• Records for processing:
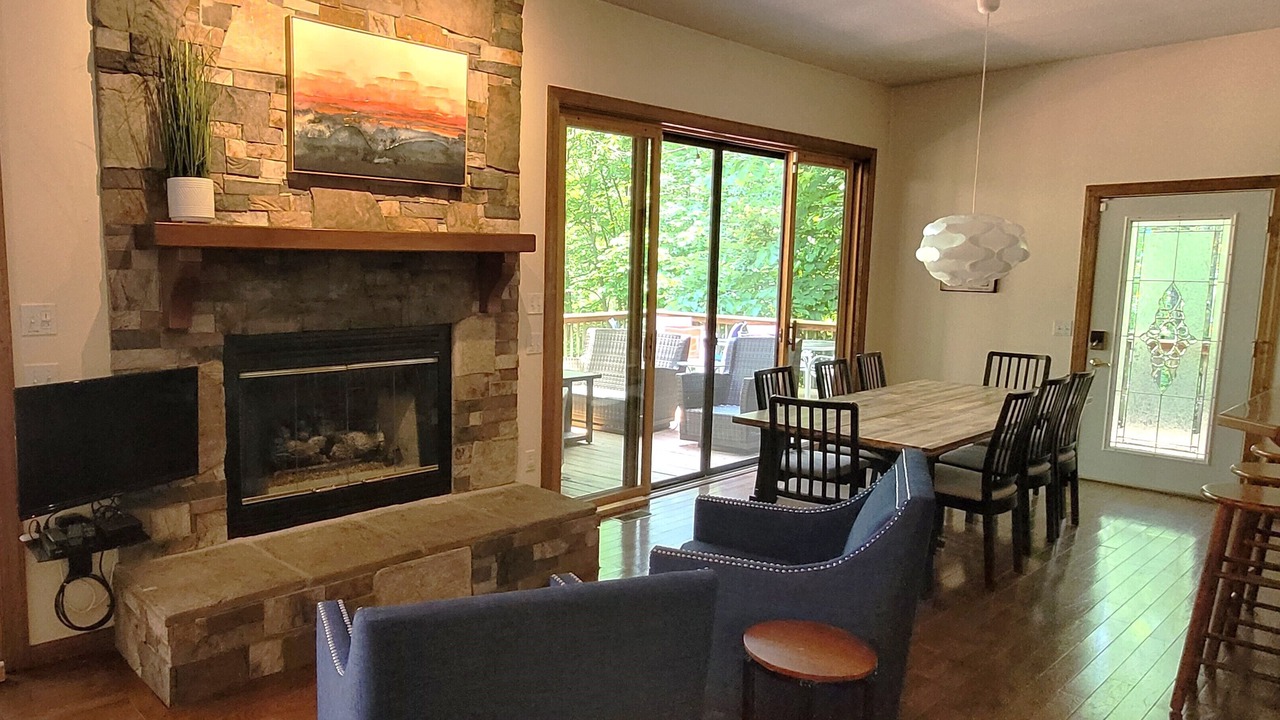 Photo of Bedroom in Jacksboro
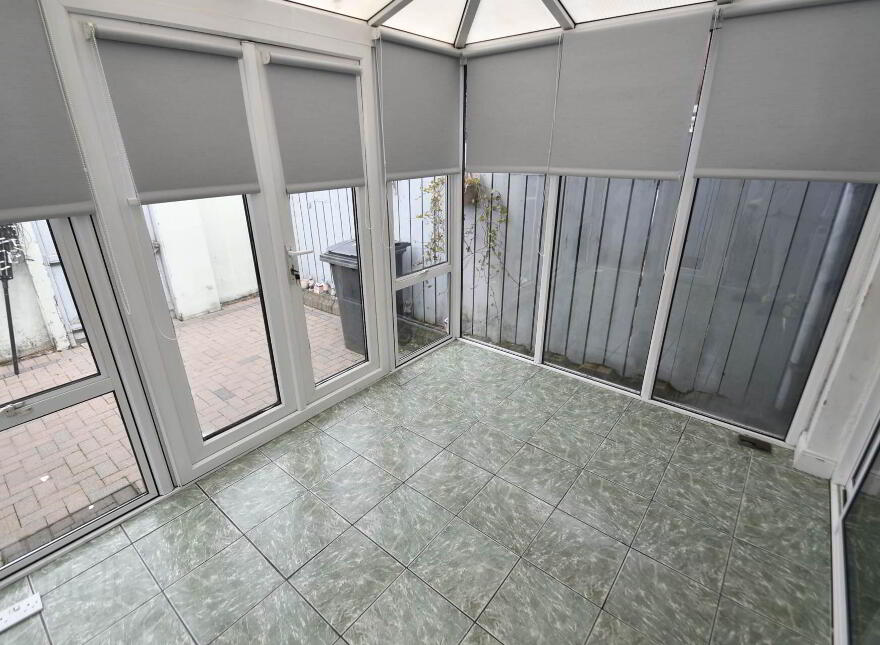 11 Iris Close, Belfast, BT12 7BY
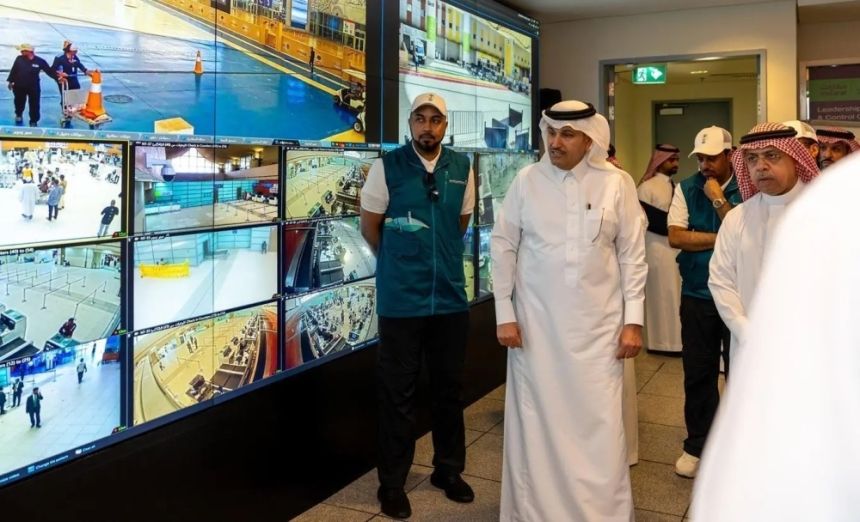 بالصور.. الجاسر يقف على جاهزية منظومة النقل لخدمة ضيوف الرحمن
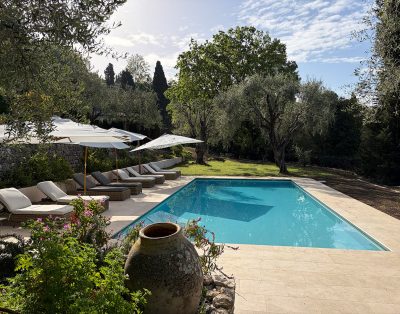 GRASSE, VILLA «LES HAUTS CHAMPS»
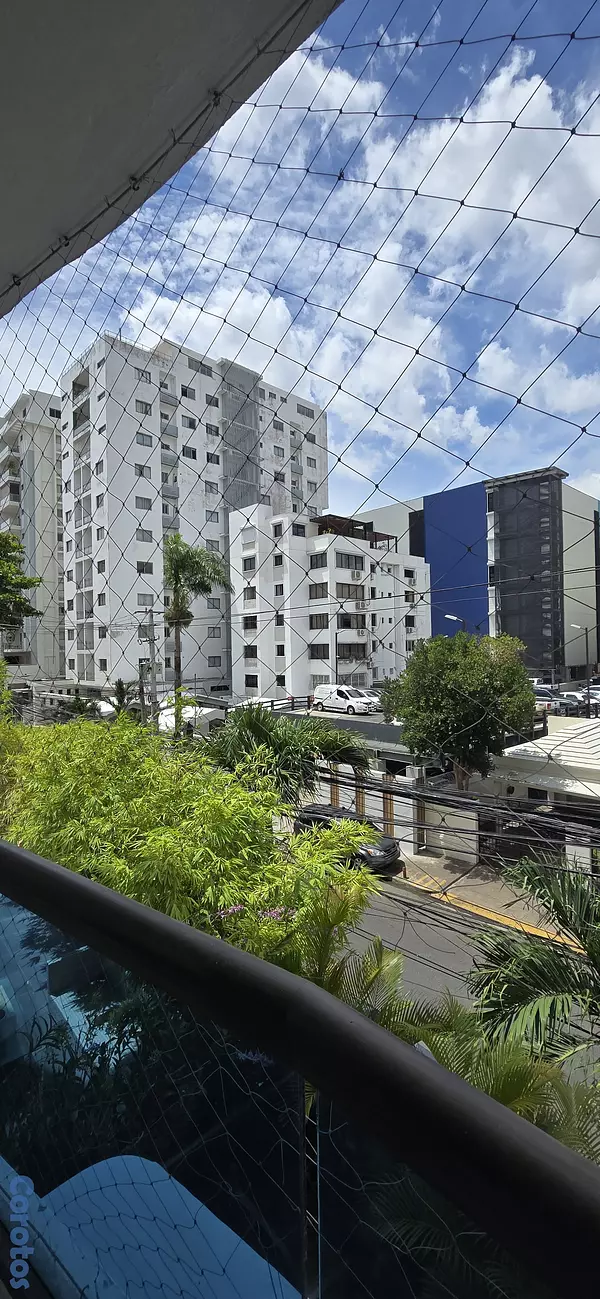 apartamentos - Venta Apto. en Naco, 3 er piso Dos parqueos, 3 hab. cuarto servicio, family. 2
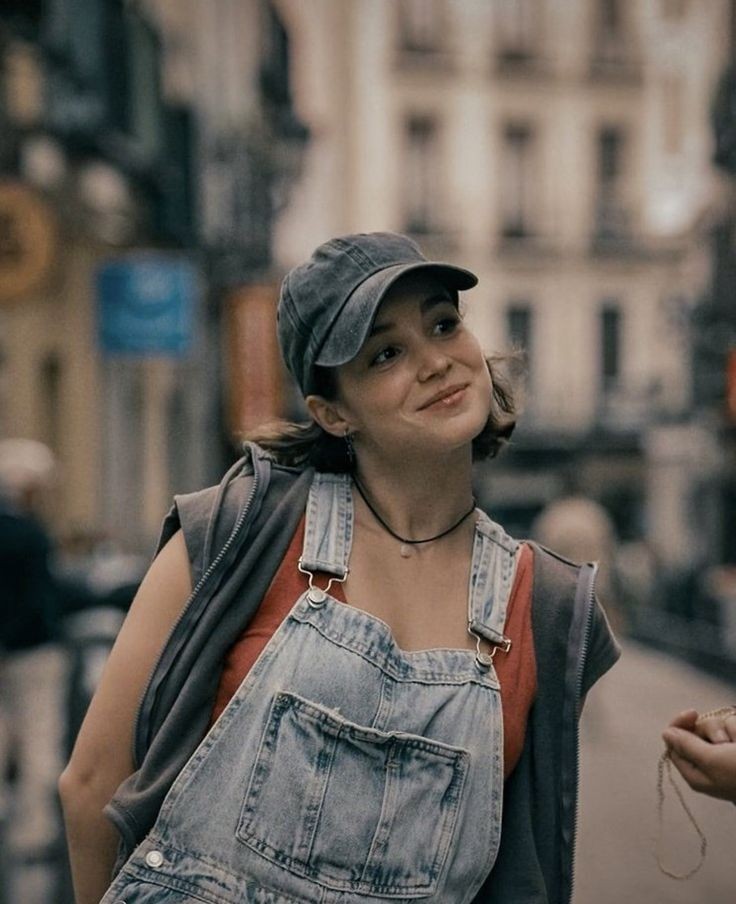 Day 4: favorite character
Our bisexual Jesus of course! 

#10DaysWithAlba #warriorNun #AlbaBaptista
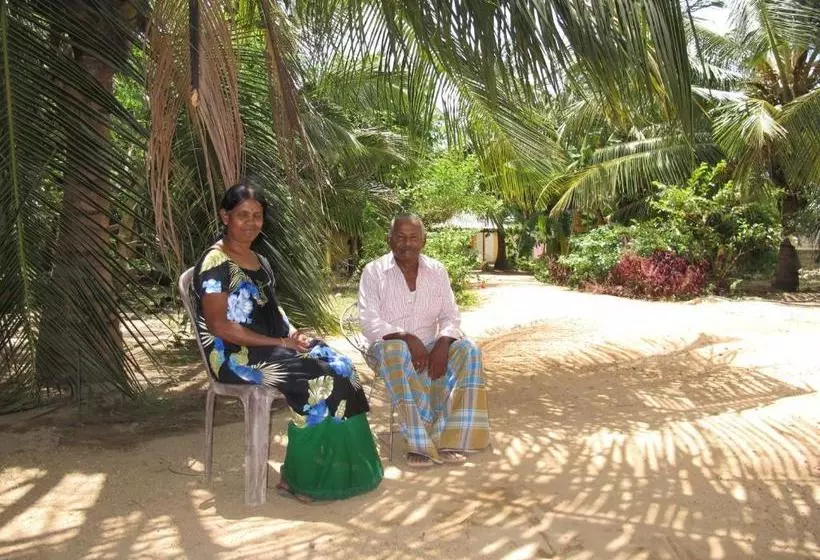 Majatalo Gopalapuram Guest House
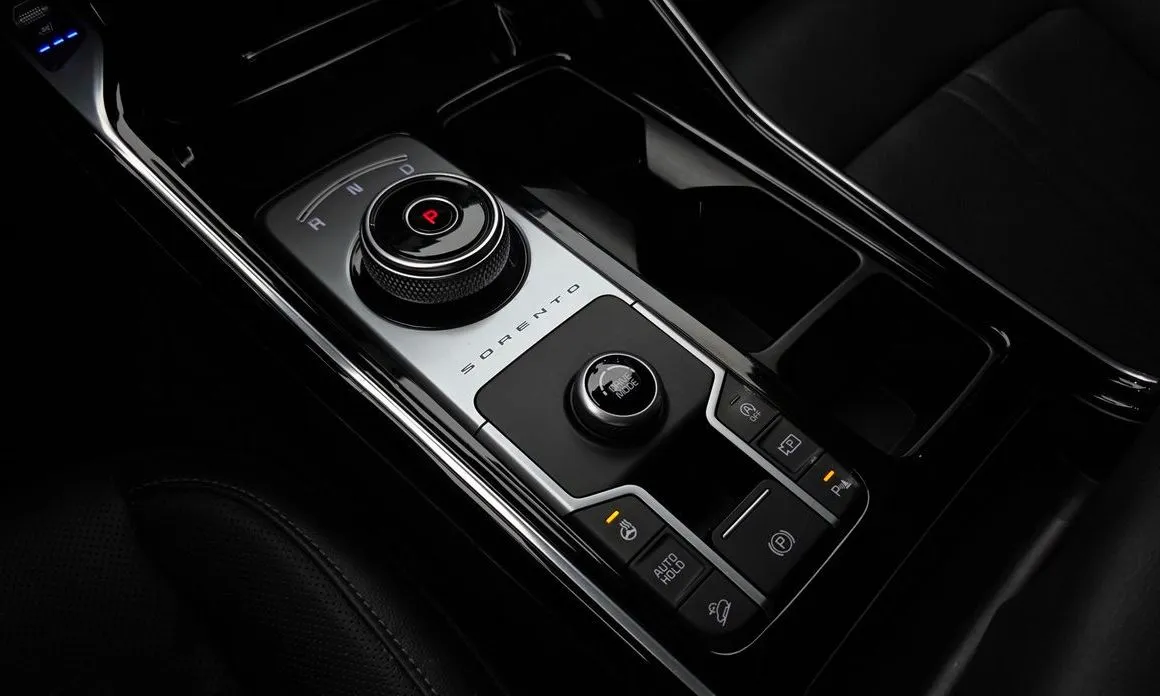 Kia Sorento — фото 2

• Problem:
Please retype exactly the lines from the one containing "Our bisexual Jesus of course!" to the last line of the records above, both included, without any pictures.

• Response to this exercise:
Our bisexual Jesus of course! 

#10DaysWithAlba #warriorNun #AlbaBaptista
 Majatalo Gopalapuram Guest House
 Kia Sorento — фото 2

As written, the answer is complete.